"Assorbiva le sensazioni del corpo e si imbeveva delle fantasie che trascorrevano labili tra gli occhi e la mente. La corrente dei ricordi lo trascinava in una deriva nella quale si amalgamavano immagini, suoni, parole provenienti da epoche diverse della sua vita passata"
Il protagonista di questo breve e patito romanzo è un poeta sessantaquattrenne che nella seconda metà del Trecento, durante un’ordinaria giornata, sente addosso il tormento degli anni e della memoria: quel poeta è Francesco Petrarca. Ormai anziano, il "poeta laureato" vive nei ricordi, nel rimpianto di una giovinezza dedita ai piaceri, alla vanità della gloria. Il profilo del poeta toscano che emerge dalle pagine appare in un primo momento desolante e spiazzante. Petrarca, infatti, è descritto nel suo essere intrattabile, incline alla coprolalia; è descritto nella sua solitudine di uomo che attende la morte e la fama eterna. E intanto che scorre il giorno, assistiamo il poeta nei suoi pensieri, mentre compone una canzone, mentre si rammarica del figlio Giovanni morto di peste, di Laura, del fido copista Giovanni Malpaghini di Ravenna. Il copista e la canzone di Giovanni (da leggere Boccaccio) resteranno sullo sfondo per tutto il romanzo e ne saranno il leitmotiv nascosto.
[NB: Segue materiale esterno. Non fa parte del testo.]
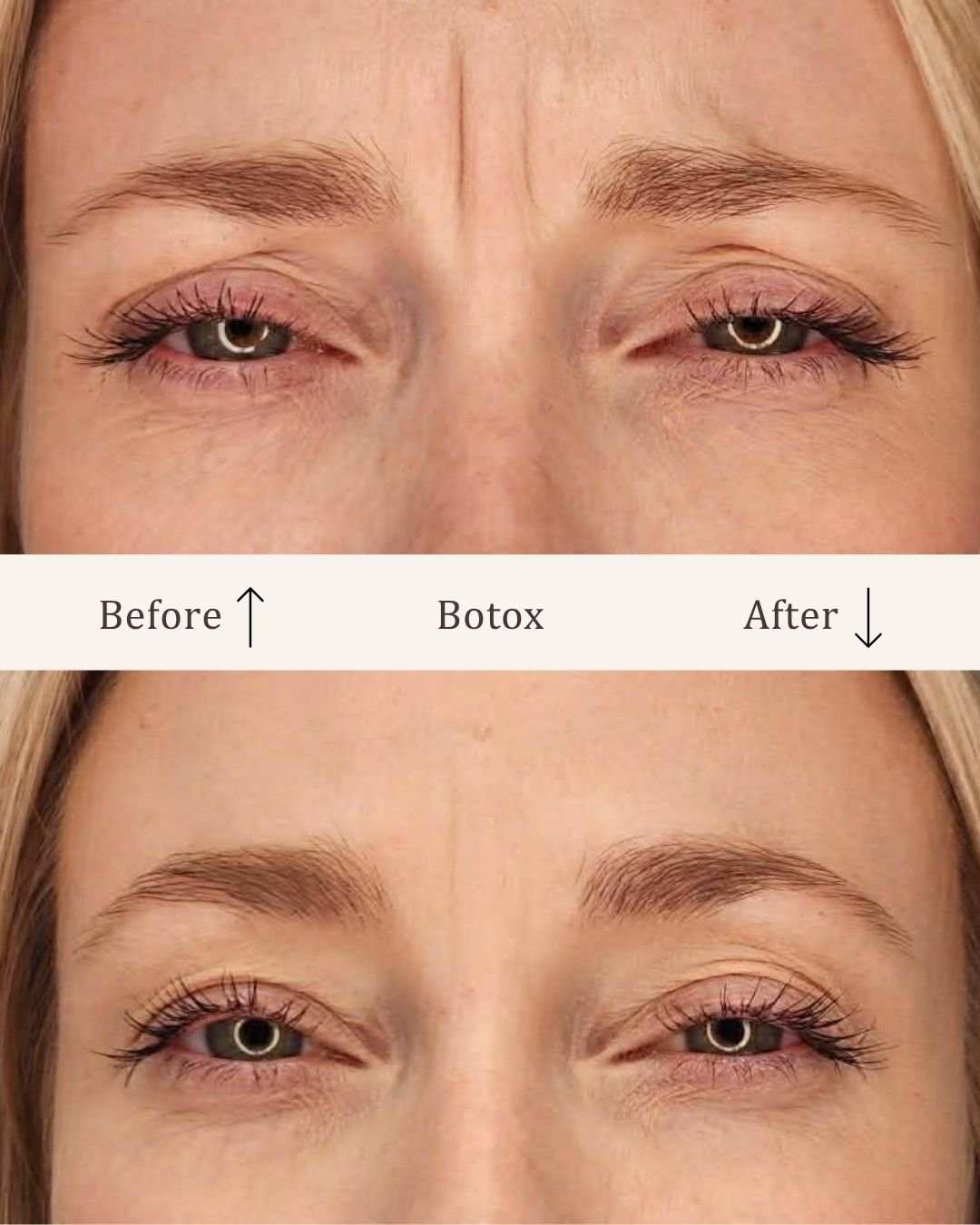 Botox-glabella-visage-studio-kosmetisk-klinik-odense-2.jpg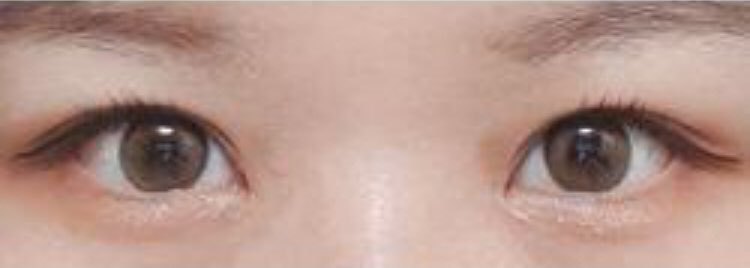 수술후기이미지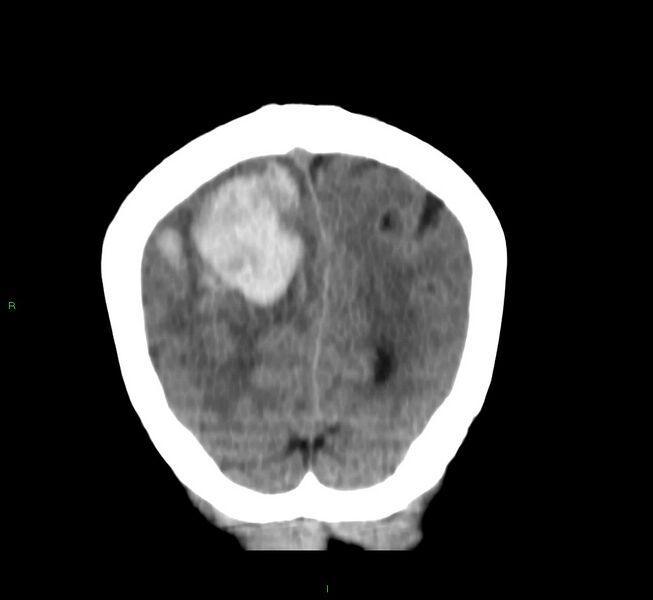 File:Cerebral amyloid angiopathy-associated lobar intracerebral hemorrhage (Radiopaedia 58751-65972 Coronal non-contrast 13).jpg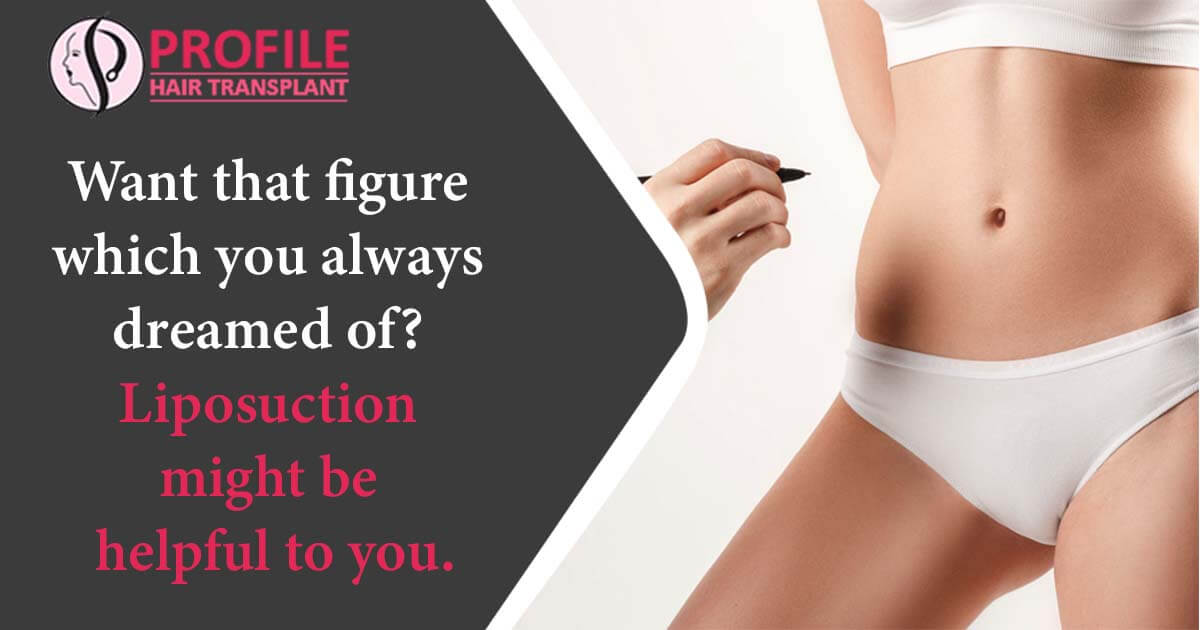 Want That Figure Which You Always Dreamed Of? Liposuction Might Be Helpful To You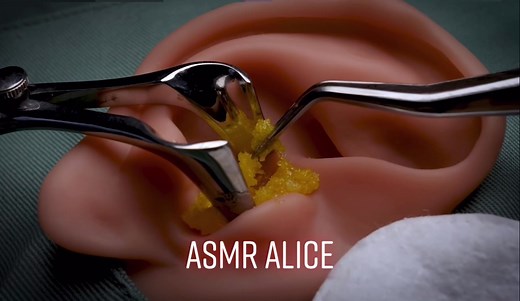 ASMR 特殊器具で耳を掃除しましょう【ロールプレイ、両耳同時】 #earcleaning #asmr #asmralice #音フェチ #asmrvideo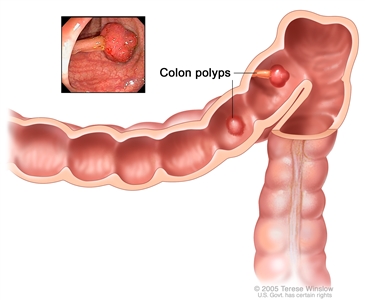 Colon polyps; shows two polyps (one flat and one pedunculated) inside the colon. Inset shows photo of a pedunculated polyp. Colon polyps; shows two polyps (one flat and one pedunculated) inside the colon. Inset shows photo of a pedunculated polyp.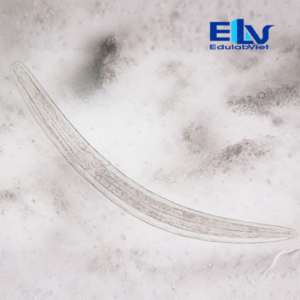 Tiêu Bản Ấu Trùng Giun Lươn Strongyloides stercoralis Giai Đoạn 2 – Tiêu Bản Ký Sinh Trùng Học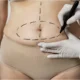 Combien de temps dure une abdominoplastie 360° ?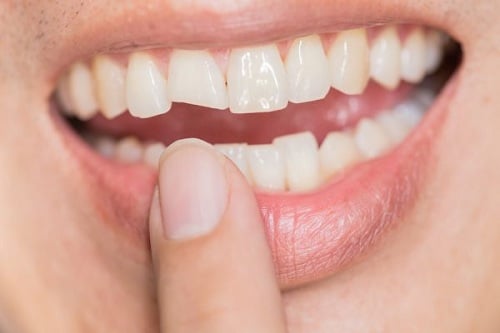 Bọc răng sứ uy tín tại Đà Nẵng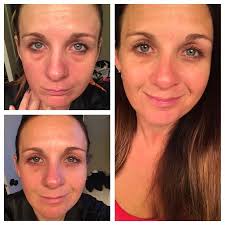 Pin von Michelle Collin auf Skin Care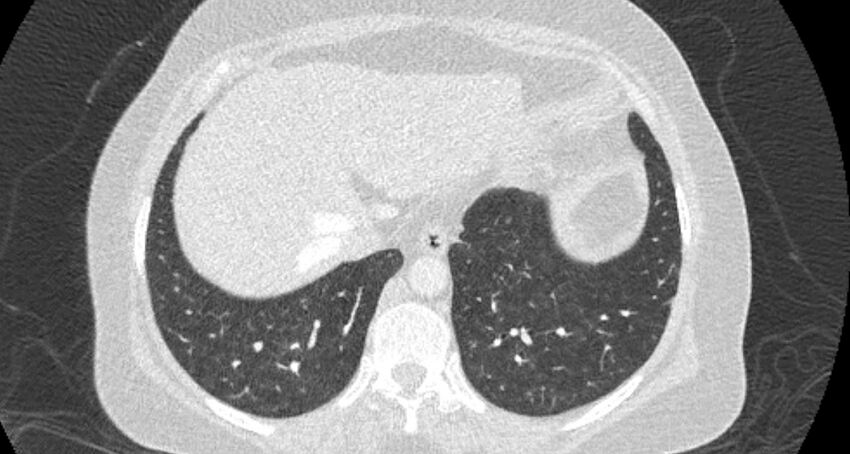 Accessory right inferior hepatic vein (Radiopaedia 65245-74259 Axial lung window 63).jpg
È dunque il resoconto di una giornata, di pensieri e ricordi; un nuovo 'Ulysses' contemporaneo.
Certo leggere di un poeta, di uno dei sommi poeti della letteratura mondiale, dedito alla flatulenza, all'incuria igienica, allo sproloquio, potrebbe far storcere il naso. Eppure, aldilà delle opere immortali, Petrarca era un uomo, e il romanzo del petrarchista Santagata ce lo restituisce in queste vesti. L’autore del ’Canzoniere’ è fatto anche di carne, di bisogni fisiologici, nonché di dubbi sul senso della vita e della religione, di ricordi, e di poesia. E si ha l'impressione, alla fine, che quest'ultima sia la condensa cremosa delle deficienze (ma lo sono davvero...?) di un uomo.
Colmo di dettagli biografici (chi li riconosce non può non sorriderne), il racconto scorre con piacere e curiosità. Con uno stile sincopato, difficilmente l'autore si lascia andare in periodi articolati, ipotattici. Il pensiero e le descrizioni quindi assumono un carattere conciso e, al contempo, spedito. Si ha la sensazione che ci sia poco spazio per la profondità (ma è un'impressione che scemerà via via). Uno stile che può in principio mettere ansia; poi, però, quando ci si abitua, quella sensazione diminuisce e si riesce ad addentrarvisi.